Bewertungen der Minister
Verteidigungsminister Boris Pistorius (SPD) wird weiterhin am besten bewertet: 52 Prozent sind mit seiner arbeit sehr zufrieden bzw. zufrieden. Mit Außenminister Johann Wadephul (CDU) sind 28 Prozent zufrieden. Innenminister Alexander Dobrindt (CSU) erreicht 22 Prozent Zufriedenheit. Mit Vizekanzler und Finanzminister lars Klingbeil (SPD) sind 21 Prozent zufrieden, während 64 Prozent unzufrieden sind. Arbeitsministerin Bärbel Bas kommt auf 18 Prozent Zufriedenheit.Wirtschaftsministerin Katherina Reiche (CDU) erreicht 11 Prozent Zufriedenheit.

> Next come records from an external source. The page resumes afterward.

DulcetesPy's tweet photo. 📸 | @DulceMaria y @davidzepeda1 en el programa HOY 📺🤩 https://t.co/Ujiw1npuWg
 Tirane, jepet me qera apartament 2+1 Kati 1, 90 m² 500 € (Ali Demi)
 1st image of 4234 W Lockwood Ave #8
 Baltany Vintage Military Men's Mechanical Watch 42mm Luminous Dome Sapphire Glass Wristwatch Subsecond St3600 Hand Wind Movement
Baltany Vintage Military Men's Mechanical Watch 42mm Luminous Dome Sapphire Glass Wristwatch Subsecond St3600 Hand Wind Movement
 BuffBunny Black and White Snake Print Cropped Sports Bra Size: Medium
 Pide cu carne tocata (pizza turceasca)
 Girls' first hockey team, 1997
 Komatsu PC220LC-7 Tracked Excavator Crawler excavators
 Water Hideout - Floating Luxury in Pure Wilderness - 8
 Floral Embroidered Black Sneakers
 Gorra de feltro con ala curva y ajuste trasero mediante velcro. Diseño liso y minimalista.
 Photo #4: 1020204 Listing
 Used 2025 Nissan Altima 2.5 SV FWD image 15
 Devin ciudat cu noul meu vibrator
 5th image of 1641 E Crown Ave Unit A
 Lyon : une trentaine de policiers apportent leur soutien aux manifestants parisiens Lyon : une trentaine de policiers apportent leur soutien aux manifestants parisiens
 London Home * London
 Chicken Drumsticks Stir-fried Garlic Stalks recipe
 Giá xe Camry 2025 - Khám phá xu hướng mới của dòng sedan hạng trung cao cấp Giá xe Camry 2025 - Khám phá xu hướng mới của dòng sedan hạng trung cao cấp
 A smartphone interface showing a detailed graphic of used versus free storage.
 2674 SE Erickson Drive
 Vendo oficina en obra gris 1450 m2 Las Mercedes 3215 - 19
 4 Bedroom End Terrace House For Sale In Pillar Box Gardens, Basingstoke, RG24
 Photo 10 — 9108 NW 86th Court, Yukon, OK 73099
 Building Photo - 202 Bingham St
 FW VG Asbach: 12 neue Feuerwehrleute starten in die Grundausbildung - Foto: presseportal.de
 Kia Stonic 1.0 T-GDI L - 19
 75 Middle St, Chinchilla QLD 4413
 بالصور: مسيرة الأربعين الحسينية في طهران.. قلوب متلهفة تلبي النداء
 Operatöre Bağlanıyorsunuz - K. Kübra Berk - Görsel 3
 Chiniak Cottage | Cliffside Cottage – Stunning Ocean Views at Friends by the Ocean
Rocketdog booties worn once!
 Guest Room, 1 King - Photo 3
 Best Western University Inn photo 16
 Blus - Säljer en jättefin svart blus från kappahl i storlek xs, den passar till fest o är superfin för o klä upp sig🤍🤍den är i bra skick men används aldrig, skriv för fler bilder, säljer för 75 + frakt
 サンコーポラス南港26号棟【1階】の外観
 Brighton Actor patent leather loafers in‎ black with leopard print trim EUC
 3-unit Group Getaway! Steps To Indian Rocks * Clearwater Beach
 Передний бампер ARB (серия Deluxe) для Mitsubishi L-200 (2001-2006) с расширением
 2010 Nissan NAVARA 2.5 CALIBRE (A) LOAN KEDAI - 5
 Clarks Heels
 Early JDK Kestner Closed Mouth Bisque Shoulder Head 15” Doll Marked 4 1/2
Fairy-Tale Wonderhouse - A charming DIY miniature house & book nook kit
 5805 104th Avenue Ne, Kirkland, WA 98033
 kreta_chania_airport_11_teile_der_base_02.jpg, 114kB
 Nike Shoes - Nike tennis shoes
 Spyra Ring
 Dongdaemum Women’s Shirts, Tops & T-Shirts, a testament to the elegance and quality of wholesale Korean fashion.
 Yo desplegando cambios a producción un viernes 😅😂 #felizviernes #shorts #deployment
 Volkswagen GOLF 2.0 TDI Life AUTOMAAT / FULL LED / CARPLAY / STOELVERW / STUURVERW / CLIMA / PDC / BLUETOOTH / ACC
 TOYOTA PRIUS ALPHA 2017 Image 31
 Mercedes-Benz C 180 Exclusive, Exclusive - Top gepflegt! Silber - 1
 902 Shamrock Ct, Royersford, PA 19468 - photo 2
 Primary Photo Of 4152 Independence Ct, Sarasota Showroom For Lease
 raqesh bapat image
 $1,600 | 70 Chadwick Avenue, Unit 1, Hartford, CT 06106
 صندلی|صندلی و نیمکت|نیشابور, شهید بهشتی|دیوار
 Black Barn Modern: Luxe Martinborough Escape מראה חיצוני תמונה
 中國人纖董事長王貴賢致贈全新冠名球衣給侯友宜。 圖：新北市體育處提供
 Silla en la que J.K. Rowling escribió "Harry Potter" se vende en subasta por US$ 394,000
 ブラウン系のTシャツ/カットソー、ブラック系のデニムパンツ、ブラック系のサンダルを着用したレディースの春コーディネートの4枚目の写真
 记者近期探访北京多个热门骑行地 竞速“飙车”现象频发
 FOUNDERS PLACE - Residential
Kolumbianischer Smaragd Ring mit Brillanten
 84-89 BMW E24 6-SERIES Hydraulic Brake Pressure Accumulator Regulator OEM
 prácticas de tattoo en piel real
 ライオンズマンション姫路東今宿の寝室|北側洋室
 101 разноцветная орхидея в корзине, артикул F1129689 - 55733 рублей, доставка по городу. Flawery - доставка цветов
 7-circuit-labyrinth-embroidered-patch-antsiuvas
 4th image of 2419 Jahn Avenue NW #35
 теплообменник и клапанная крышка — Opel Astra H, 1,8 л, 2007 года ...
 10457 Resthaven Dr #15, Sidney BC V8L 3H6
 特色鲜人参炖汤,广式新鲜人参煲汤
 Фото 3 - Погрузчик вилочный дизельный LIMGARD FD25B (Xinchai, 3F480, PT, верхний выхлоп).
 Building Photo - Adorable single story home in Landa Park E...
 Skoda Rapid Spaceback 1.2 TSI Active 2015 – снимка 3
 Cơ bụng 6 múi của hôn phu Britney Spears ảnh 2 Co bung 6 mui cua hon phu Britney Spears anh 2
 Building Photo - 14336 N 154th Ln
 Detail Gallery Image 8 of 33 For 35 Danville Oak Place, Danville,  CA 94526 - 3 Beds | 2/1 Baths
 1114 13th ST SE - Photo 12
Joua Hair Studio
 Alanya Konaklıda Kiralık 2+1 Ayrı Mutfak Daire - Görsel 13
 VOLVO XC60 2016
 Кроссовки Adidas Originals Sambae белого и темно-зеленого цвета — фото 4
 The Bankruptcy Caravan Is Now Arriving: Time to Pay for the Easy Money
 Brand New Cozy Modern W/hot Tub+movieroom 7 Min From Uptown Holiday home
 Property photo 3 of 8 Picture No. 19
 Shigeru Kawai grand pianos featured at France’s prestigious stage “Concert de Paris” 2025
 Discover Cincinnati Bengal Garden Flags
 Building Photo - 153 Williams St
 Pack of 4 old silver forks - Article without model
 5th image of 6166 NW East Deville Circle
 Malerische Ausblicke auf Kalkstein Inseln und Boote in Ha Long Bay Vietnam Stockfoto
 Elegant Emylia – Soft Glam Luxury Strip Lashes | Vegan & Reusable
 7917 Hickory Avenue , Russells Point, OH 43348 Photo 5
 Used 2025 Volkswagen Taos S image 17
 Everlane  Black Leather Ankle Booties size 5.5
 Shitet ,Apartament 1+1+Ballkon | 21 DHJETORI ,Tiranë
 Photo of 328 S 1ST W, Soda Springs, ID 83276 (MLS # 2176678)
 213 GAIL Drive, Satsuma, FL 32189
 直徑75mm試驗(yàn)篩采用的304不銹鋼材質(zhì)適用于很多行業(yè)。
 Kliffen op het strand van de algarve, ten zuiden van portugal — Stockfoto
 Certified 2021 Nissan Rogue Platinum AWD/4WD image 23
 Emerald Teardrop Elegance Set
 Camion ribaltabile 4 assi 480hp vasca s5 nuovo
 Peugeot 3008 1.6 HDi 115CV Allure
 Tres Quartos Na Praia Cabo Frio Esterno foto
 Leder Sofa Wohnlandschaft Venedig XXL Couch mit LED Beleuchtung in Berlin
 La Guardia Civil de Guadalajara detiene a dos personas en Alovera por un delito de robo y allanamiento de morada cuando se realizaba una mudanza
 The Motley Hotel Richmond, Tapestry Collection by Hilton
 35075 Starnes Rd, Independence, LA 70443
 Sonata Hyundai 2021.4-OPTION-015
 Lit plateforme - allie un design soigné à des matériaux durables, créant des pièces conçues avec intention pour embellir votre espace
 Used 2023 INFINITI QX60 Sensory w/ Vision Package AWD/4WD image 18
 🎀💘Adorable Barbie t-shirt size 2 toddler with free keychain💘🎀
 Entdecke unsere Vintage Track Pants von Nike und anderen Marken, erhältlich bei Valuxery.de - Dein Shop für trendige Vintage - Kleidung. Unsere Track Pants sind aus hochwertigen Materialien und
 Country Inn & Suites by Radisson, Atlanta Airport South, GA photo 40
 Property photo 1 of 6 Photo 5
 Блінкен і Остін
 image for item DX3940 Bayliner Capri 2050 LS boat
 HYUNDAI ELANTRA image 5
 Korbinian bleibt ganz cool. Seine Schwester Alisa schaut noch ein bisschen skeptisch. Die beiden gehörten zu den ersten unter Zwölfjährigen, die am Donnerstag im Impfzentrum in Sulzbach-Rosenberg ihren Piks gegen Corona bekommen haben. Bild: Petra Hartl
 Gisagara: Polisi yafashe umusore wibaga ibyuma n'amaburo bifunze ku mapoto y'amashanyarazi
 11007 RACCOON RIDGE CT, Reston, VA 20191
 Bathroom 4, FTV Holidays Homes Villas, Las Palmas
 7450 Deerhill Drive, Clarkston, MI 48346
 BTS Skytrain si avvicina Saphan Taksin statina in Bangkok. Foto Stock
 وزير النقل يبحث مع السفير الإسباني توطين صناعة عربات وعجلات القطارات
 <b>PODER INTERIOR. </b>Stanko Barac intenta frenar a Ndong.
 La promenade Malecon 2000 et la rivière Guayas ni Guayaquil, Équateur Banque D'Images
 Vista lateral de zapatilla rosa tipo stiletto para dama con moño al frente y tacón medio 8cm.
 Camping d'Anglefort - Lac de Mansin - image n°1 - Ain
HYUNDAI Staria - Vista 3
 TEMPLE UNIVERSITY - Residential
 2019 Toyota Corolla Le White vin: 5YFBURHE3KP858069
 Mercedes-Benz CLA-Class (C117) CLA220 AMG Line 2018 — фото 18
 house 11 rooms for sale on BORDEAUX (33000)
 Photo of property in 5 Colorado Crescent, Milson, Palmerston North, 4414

Bewertungen der Oppositionspolitiker
Bei der Opposition sind 27 Prozent mit der AfD-Fraktionsvorsitzenden Alice weidel zufrieden. Mit der Grünen Parteivorsitzenden Franziska Brantner sind 11 Prozent zufrieden, während 57 Prozent sie nicht kennen oder sich kein Urteil zutrauen. Die Linken-Parteivorsitzende Ines Schwerdtner erreicht 9 Prozent Zufriedenheit, wobei 66 Prozent sie nicht kennen oder sich kein Urteil zutrauen.